- **Task item**:
Produce as output only the lines below starting at the line with "Elle colorful rainbow" and continuing through the line with "Traditional Romanian Family", each one exactly as written.

- **Information shown**:
# # #

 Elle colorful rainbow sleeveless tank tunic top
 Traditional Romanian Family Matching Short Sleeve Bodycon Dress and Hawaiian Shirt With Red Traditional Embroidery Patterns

# # #

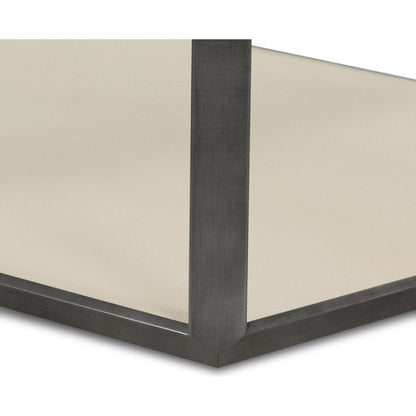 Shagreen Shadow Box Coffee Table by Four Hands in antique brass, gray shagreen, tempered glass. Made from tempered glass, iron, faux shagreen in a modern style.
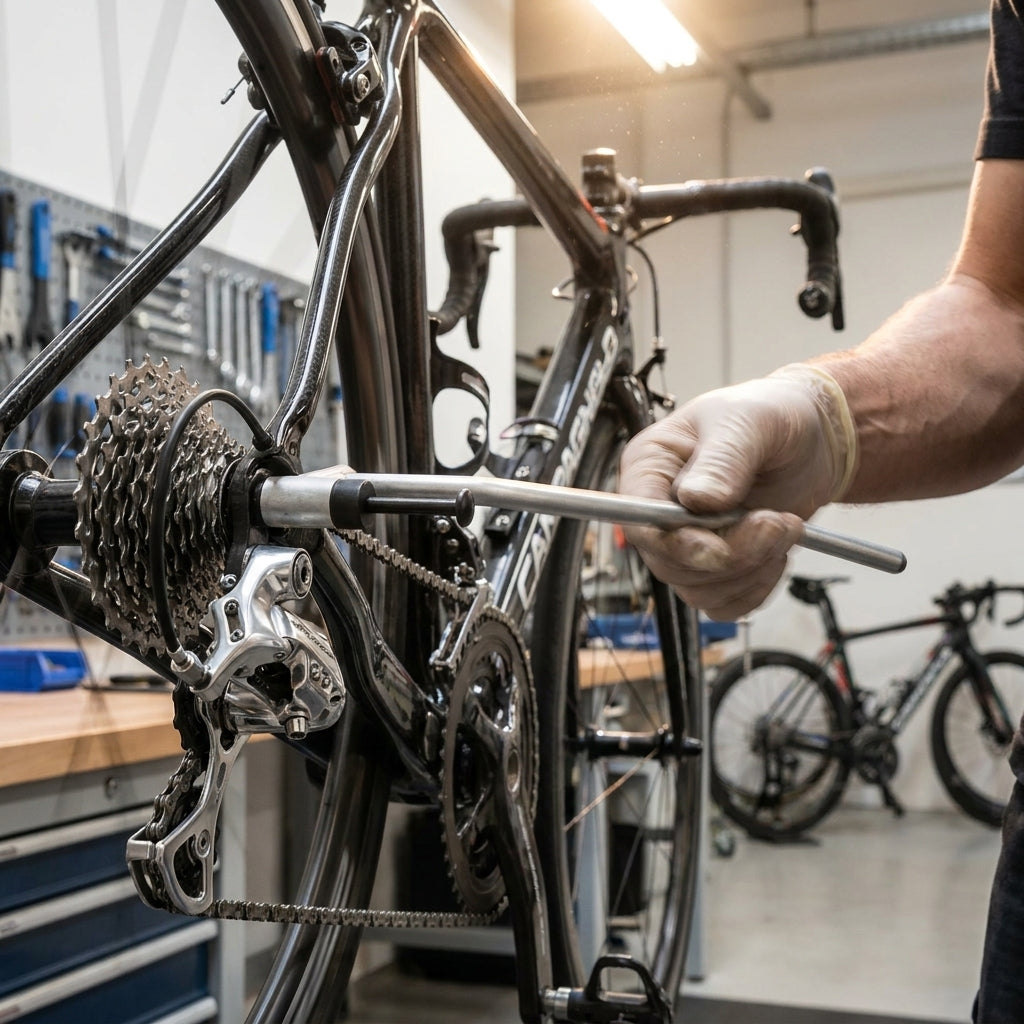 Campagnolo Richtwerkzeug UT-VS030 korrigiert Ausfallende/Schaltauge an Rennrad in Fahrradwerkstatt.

# # #

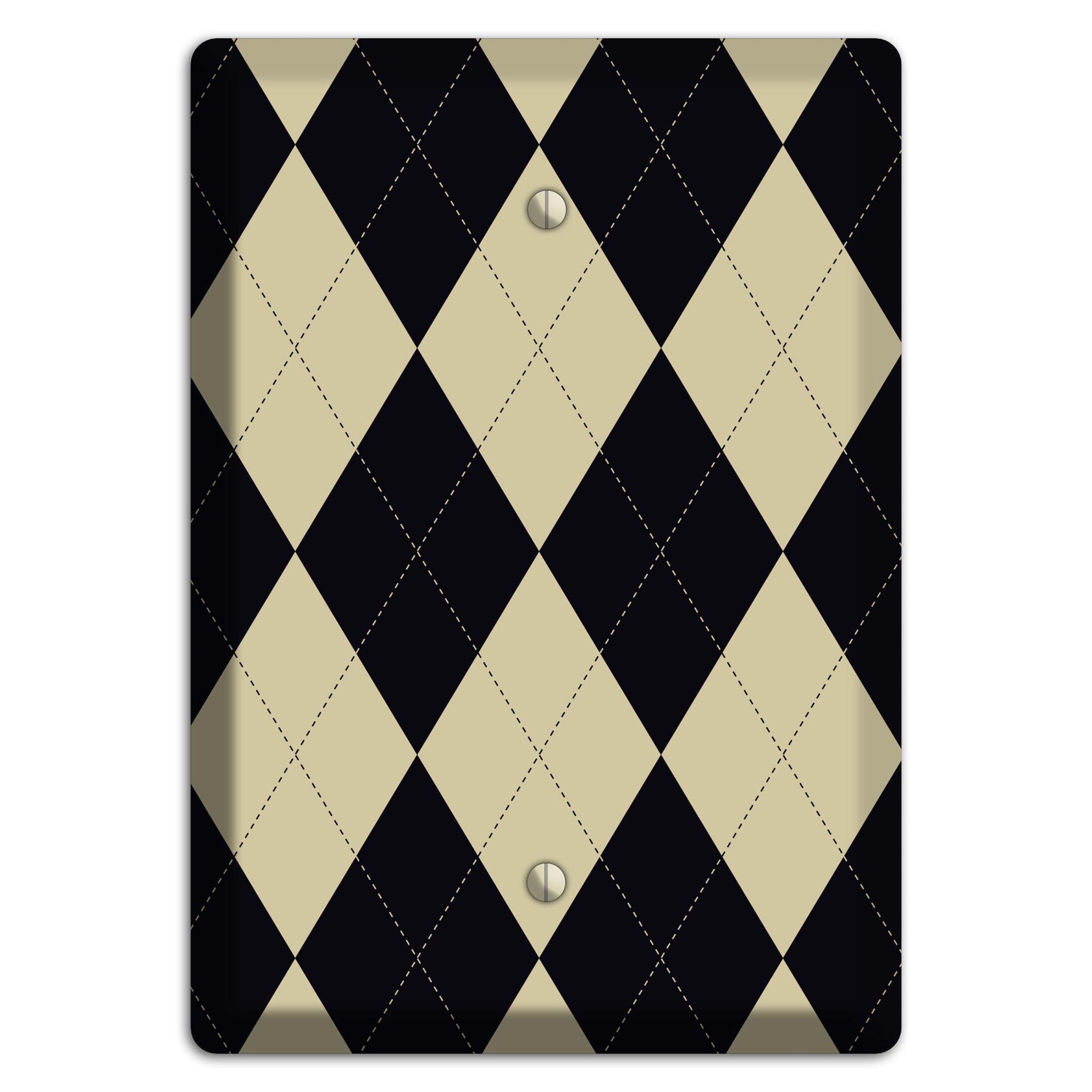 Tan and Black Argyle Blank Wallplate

# # #

- **Solved exercise**:
 Elle colorful rainbow sleeveless tank tunic top
 Traditional Romanian Family Matching Short Sleeve Bodycon Dress and Hawaiian Shirt With Red Traditional Embroidery Patterns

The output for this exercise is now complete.